### What you will do
From the line holding "Robe de boxe" to the final line below, restate each line word for word and add nothing.

### Provided information

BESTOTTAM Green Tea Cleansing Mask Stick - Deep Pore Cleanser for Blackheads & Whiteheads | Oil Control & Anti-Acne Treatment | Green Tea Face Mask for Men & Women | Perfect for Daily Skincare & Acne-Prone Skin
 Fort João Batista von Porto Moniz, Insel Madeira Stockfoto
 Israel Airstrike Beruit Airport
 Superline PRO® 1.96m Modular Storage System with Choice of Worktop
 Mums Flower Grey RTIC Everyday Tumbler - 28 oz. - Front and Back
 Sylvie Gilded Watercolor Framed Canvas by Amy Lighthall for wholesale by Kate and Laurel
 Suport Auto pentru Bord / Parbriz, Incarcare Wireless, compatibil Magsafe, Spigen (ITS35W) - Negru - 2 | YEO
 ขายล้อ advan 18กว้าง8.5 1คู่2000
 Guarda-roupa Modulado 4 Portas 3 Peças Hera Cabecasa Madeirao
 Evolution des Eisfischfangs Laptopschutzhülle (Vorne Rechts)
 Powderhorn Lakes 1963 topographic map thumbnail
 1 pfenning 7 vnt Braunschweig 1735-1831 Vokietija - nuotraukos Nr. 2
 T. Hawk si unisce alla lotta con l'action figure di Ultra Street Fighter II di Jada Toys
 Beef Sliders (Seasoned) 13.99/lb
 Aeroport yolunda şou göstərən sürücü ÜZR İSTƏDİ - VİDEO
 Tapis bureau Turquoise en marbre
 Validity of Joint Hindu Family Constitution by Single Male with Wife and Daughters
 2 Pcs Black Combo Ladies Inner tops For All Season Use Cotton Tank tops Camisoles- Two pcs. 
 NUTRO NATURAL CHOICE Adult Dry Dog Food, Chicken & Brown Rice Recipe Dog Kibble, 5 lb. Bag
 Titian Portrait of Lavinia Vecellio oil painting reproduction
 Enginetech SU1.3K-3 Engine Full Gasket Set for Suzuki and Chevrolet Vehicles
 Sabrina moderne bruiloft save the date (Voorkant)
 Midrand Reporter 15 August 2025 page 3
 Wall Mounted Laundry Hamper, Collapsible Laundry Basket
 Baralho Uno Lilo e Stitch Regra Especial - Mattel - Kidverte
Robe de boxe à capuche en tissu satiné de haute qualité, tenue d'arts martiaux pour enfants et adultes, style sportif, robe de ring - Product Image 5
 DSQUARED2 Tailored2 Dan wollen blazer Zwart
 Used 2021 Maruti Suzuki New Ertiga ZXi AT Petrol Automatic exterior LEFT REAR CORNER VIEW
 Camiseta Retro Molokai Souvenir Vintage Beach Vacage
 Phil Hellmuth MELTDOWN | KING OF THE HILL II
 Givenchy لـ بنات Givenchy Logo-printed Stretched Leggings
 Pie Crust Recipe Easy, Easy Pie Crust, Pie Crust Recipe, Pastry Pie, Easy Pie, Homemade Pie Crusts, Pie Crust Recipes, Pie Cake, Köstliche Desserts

### Exercise output
Robe de boxe à capuche en tissu satiné de haute qualité, tenue d'arts martiaux pour enfants et adultes, style sportif, robe de ring - Product Image 5
 DSQUARED2 Tailored2 Dan wollen blazer Zwart
 Used 2021 Maruti Suzuki New Ertiga ZXi AT Petrol Automatic exterior LEFT REAR CORNER VIEW
 Camiseta Retro Molokai Souvenir Vintage Beach Vacage
 Phil Hellmuth MELTDOWN | KING OF THE HILL II
 Givenchy لـ بنات Givenchy Logo-printed Stretched Leggings
 Pie Crust Recipe Easy, Easy Pie Crust, Pie Crust Recipe, Pastry Pie, Easy Pie, Homemade Pie Crusts, Pie Crust Recipes, Pie Cake, Köstliche Desserts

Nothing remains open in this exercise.